Avebury Monuments Teacher’s Kit

New school pack brings Avebury to life

Wessex Archaeology has produced a new online Teacher’s Kit for Avebury World Heritage Site, commissioned by English Heritage.

The new Teacher’s Kit is available online from today. It will soon be available on the English Heritage website.

The Kit will help schoolchildren heading for Avebury and the surrounding monuments make the most of their trip to the World Heritage Site. It is a downloadable resource for teachers of Key Stage 2 and 3 pupils. As well as information sheets for teachers there are on-site investigation sheets, puzzles, maps, treasure hunts and other games and activities to help pupils to learn about the history of these historical sites in an entertaining and engaging way.

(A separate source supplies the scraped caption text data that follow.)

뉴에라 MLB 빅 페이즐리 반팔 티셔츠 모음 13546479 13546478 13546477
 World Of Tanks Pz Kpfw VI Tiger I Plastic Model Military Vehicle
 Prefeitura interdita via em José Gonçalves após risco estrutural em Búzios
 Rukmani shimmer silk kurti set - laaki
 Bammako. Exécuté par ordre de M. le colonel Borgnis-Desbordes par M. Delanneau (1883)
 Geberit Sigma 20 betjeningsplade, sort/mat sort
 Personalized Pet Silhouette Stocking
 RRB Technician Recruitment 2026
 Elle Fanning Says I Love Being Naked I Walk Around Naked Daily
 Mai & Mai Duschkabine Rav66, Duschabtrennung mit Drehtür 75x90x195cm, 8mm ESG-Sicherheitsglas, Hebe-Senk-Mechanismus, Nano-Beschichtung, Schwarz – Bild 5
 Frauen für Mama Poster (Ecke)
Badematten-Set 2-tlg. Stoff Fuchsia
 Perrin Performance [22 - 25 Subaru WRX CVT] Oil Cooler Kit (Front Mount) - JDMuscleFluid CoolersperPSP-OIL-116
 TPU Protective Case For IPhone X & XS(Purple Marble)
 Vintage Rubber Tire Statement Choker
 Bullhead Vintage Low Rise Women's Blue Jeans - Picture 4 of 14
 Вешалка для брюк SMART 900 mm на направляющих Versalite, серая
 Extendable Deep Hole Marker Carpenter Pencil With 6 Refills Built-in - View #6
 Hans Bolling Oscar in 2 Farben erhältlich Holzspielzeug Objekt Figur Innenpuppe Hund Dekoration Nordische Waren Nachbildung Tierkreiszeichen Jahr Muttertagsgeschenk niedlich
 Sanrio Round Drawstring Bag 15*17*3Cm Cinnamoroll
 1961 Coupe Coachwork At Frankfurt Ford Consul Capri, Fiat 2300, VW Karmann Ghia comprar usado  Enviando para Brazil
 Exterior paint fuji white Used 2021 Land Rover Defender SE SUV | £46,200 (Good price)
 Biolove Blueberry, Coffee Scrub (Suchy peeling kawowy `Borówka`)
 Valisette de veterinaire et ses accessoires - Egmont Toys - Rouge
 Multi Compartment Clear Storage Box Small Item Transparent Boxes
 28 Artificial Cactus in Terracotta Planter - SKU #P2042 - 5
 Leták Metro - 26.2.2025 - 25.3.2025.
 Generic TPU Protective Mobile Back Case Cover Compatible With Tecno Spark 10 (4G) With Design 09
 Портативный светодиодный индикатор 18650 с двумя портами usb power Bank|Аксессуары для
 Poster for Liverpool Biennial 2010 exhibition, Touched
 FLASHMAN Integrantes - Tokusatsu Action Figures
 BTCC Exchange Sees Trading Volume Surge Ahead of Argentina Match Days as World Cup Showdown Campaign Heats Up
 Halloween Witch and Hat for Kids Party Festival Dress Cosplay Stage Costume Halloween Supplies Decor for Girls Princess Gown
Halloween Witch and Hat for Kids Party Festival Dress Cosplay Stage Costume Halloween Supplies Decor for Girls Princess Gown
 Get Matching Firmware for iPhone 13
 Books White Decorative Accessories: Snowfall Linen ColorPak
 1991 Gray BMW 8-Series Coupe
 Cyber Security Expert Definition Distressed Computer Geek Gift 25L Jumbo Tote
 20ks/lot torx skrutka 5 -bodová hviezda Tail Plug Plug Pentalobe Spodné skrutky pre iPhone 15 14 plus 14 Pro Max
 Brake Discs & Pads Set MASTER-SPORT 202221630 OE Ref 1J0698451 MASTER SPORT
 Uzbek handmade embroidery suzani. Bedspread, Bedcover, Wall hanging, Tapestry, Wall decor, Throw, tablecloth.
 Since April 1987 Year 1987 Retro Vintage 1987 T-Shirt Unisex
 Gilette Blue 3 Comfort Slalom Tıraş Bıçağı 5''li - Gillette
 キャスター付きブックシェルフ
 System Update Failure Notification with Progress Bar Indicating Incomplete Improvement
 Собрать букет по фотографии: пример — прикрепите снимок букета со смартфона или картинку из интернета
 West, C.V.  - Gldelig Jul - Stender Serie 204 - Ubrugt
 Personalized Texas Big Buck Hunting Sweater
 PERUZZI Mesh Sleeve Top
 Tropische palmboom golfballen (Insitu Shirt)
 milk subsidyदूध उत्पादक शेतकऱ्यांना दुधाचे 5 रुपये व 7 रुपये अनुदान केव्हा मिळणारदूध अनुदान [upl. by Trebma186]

“We want to encourage more schools to come to Avebury World Heritage Site and ensure that pupils have an educational and stimulating visit,” explained Lucy Bradley, Education Manager for English Heritage in the South West.

“The site is steeped in a rich and mysterious history and there is so much children can learn from a visit here. This new web resource will help them to discover the site’s historical significance using fun learning tools”.

The Teacher’s Kit came about after last year’s successful project at Silbury Hill to stabilise the ancient man-made mound. “Pupils from two primary schools and a secondary school visited while the work was in progress. The visit really helped the children to get an in-depth learning experience of the mysterious hill”, said Lucy “So we thought it would be great if we could create a Teacher’s Kit which encourages active learning for visits to the whole World Heritage Site.”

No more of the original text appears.